Wayfarer Tavern's bar. Photo provided | Wayfarer Tavern on Facebook

The region’s most eccentric pizzeria is getting even wilder thanks to a new collaboration series with several local restaurants.

Wayfarer Tavern’s pizza has become the favorite pie of many in the region thanks to its unusual form—a mix of Detroit, East Coast and square-cut Midwest stylings—and the restaurant’s embrace of unorthodox toppings (One of their best-selling pizzas, for example, prominently features pickles).

“[Our menu] is kinda like if we were a nice steakhouse that served pizza instead of steak,” owner Mike Dew said, laughing. “You could come in here and get a nice cocktail and a little snack for a small get-together, or you could have a full-blown birthday party with an awesome bottle of wine and 10 pizzas with your best friends. The way I describe it: If something on our menu looks good, it is good.”

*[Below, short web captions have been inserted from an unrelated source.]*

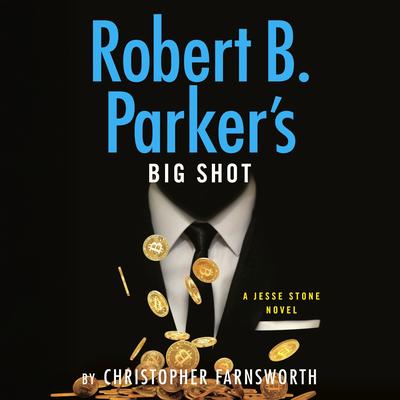 Robert B. Parker's Big Shot Audibook, by Christopher Farnsworth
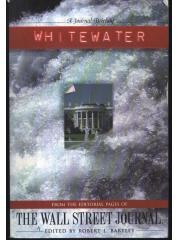 Whitewater: From the Editorial Pages of the Wall Street Journal A Journal Briefing pdf epub mobi 下载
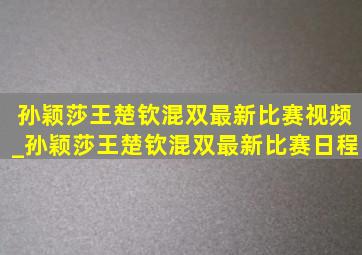 孙颖莎王楚钦混双最新比赛视频_孙颖莎王楚钦混双最新比赛日程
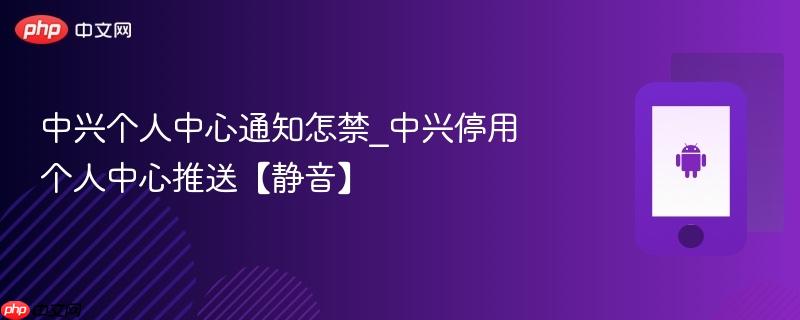 中兴个人中心通知怎禁_中兴停用个人中心推送【静音】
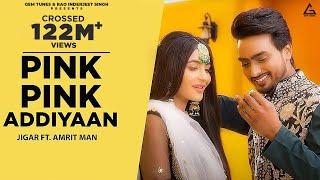 Pink Pink Addiyaan (Official Video) : Jigar Ft Amrit Maan | Narinder Batth | Punjabi Song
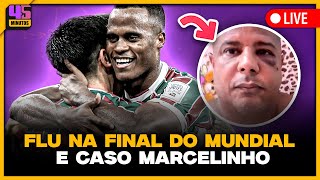 45 MINUTOS FLU NO MUNDIAL E CASO MARCELINHO  Placar TV [upl. by Wirth]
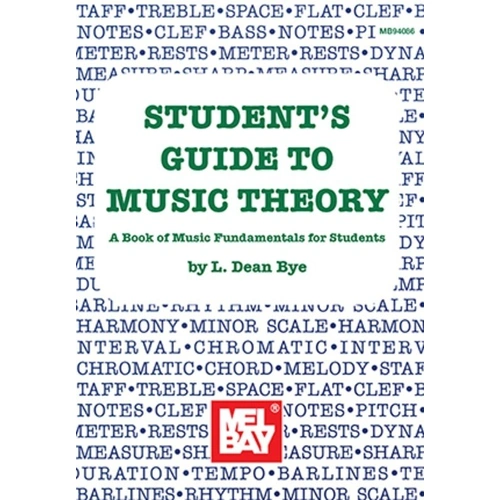 Student's Guide to Music Theory by L. Dean Bye, Mel Bay Publications, 48 Pages
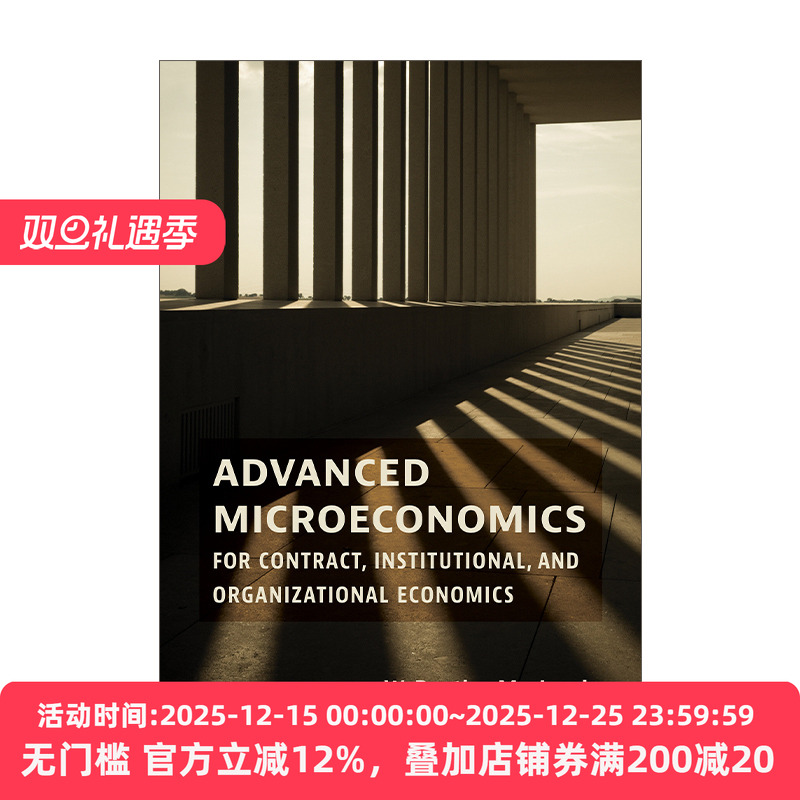 英文原版 Advanced Microeconomics for Contract Institutional and Organizational Economics 高级微观经济学 契约 制度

Now, he’s taking things up a notch by letting other chefs into the kitchen. Six of Cincinnati’s hottest eateries—Galactic Fried Chicken, Quan Hapa, Pata Roja Taqueria, Carmelo’s, The Aperture and The Pickled Pig—are headed to Wayfarer to put their own spin on classic ‘za, with innovations like a Reuben-style pie or a pizza styled after an okonomiyaki (Japanese savory pancakes).

Decadent? Sure. But not unexpected for a restaurant that already serves oysters, French onion soup and wagyu beef carpaccio alongside its pizzas.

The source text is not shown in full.